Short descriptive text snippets
▽

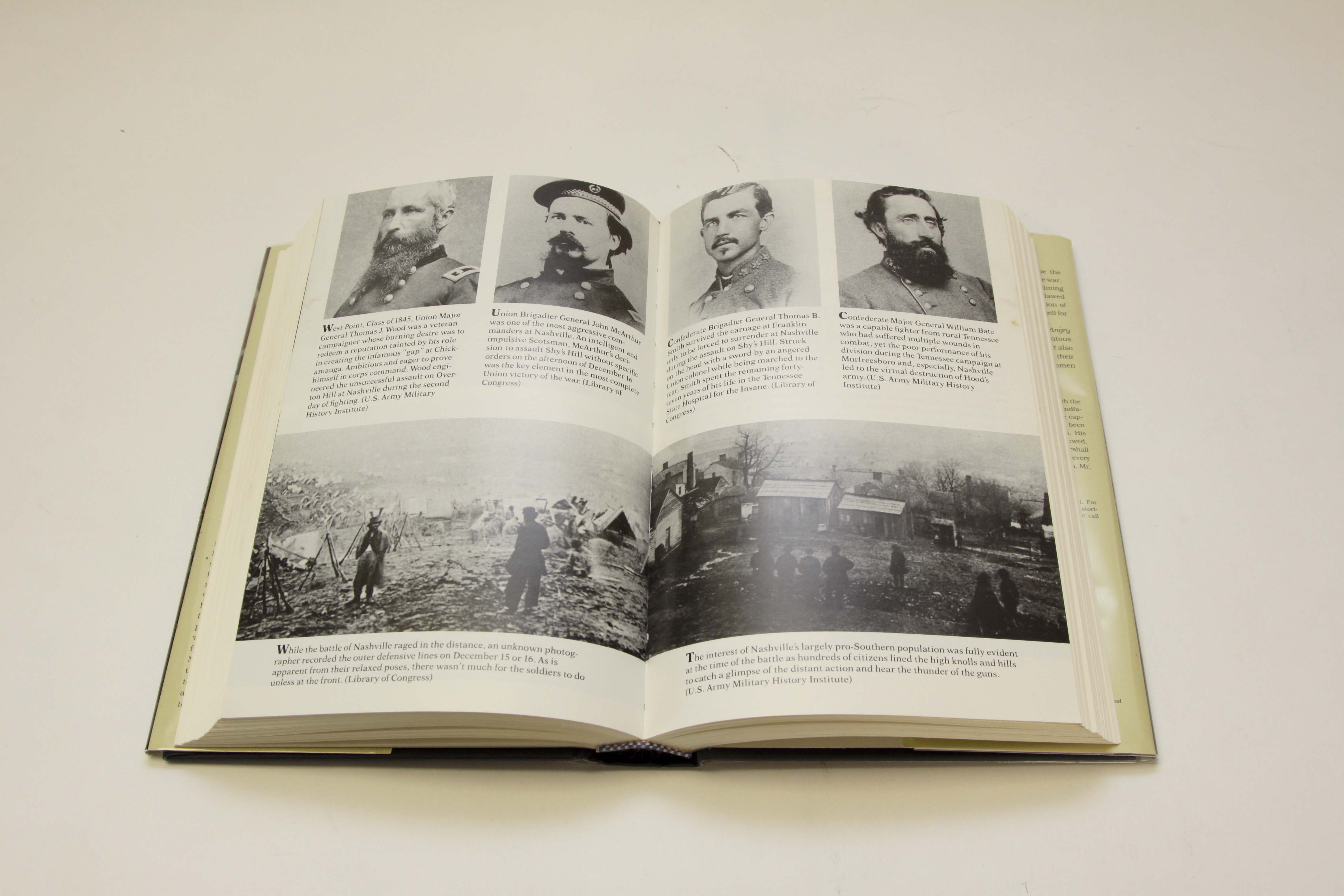 Signed First Edition "Embrace An Angry Wind" By Wiley Sword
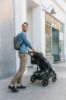 Picture of Cruz V2 Stroller -  JAKE (black/carbon/black) | By Uppa Baby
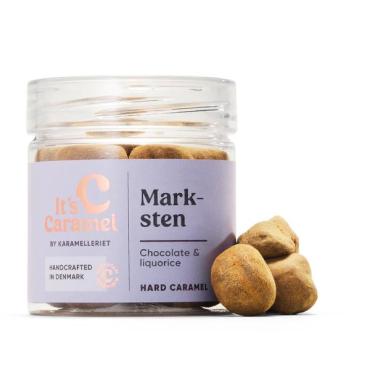 Karamelleriet - MARKSTEN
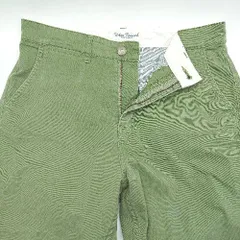 ◇ ⊂ ITEMS URBAN RESEARCH アーバンリサーチ スキニーパンツ サイズM グリーン系 レディース E  【1501230003865】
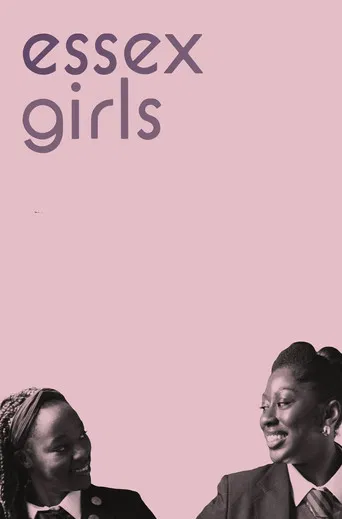 Essex Girls poster
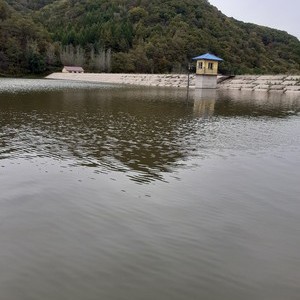 虎马岭水库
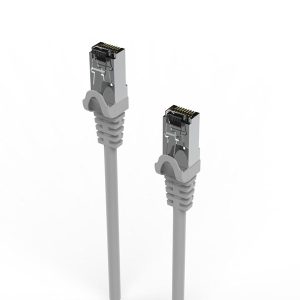 Inca 5metre Cat7 S/ftp Icat7-05tg Gri Patch Kablo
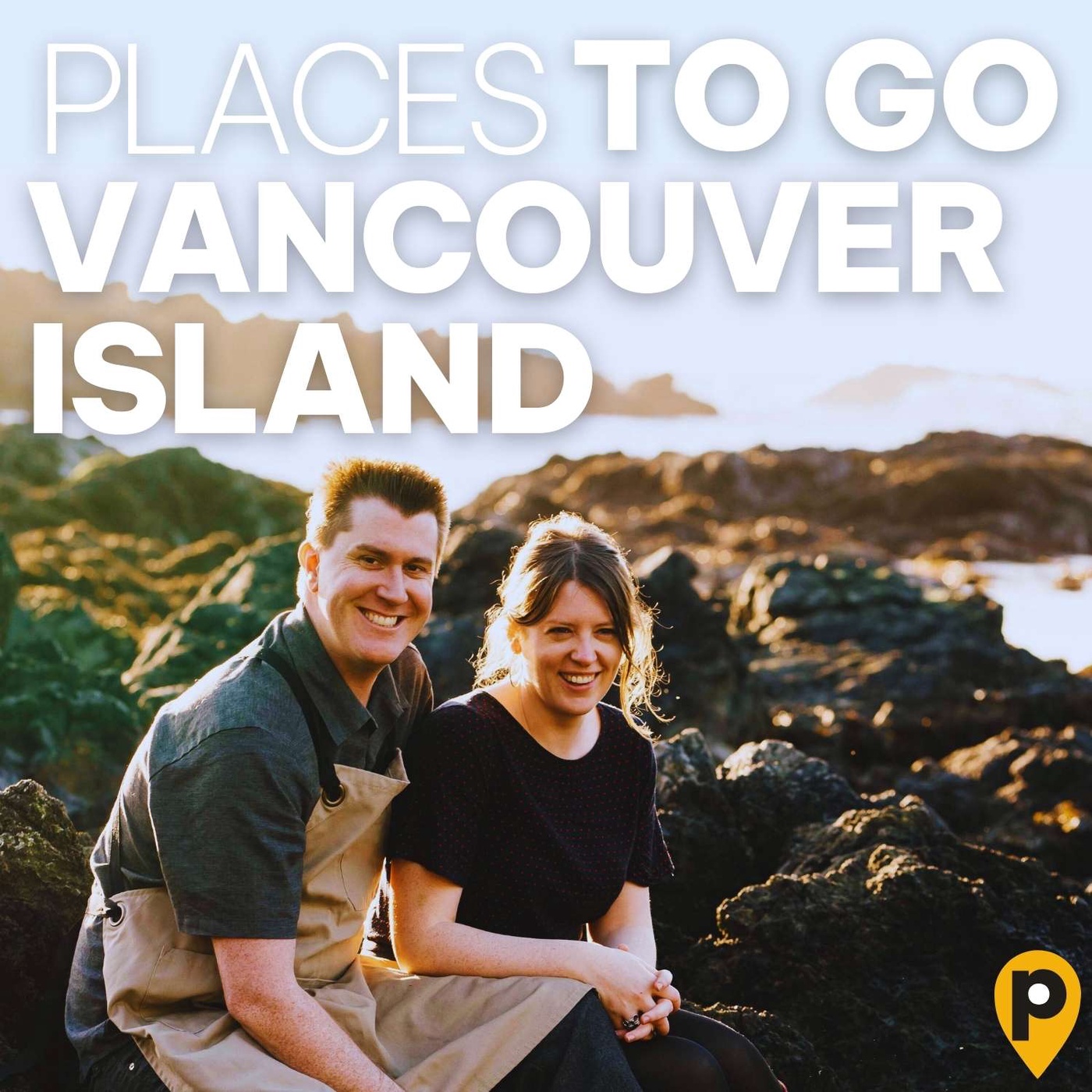 Vancouver Island – der Geschmack der Insel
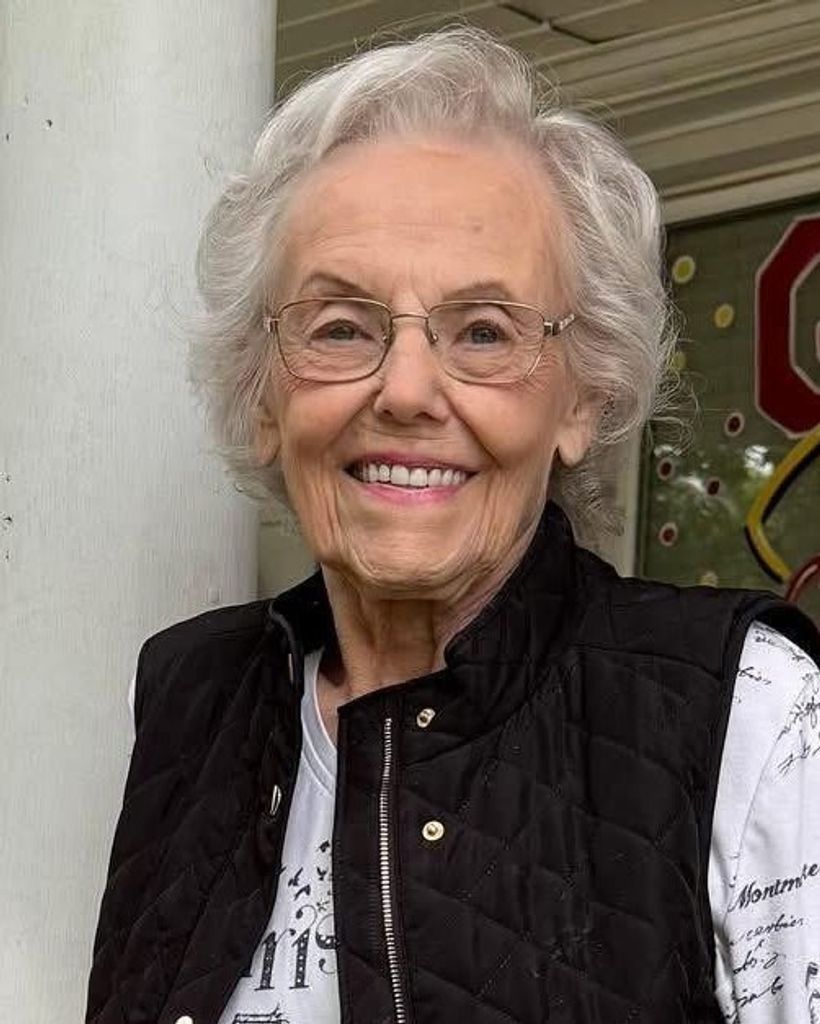 Margaret Ann Wessler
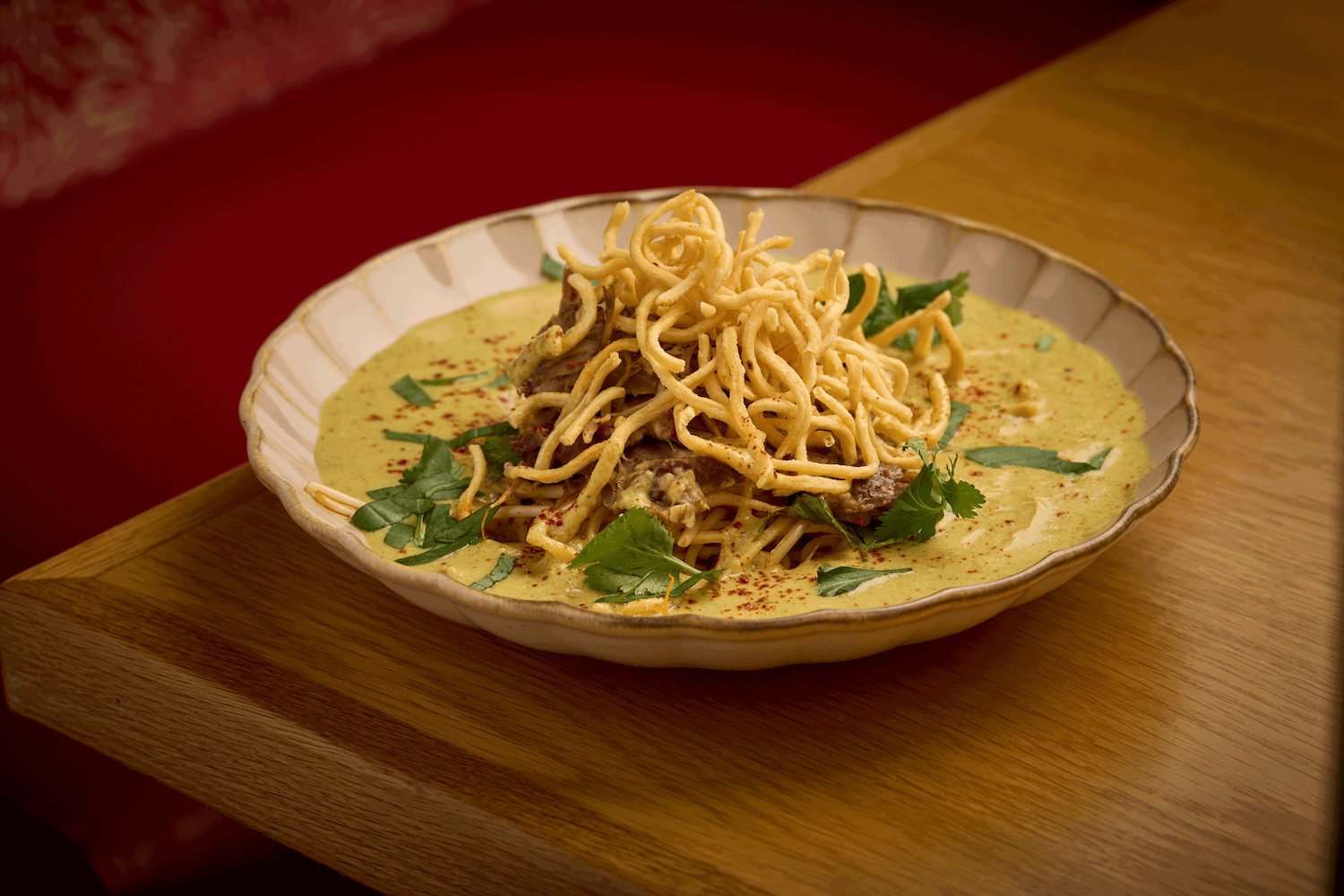 CHŌ Funky Asian Bistro — photo 7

△

### [Exercise objective]
Set down again, exactly, the lines from the one with "ITEMS URBAN RESEARCH" to the last line of the data, both included and pictures excluded.

### [Result of the task]
 ◇ ⊂ ITEMS URBAN RESEARCH アーバンリサーチ スキニーパンツ サイズM グリーン系 レディース E  【1501230003865】
 Essex Girls poster
 虎马岭水库
 Inca 5metre Cat7 S/ftp Icat7-05tg Gri Patch Kablo
 Vancouver Island – der Geschmack der Insel
 Margaret Ann Wessler
 CHŌ Funky Asian Bistro — photo 7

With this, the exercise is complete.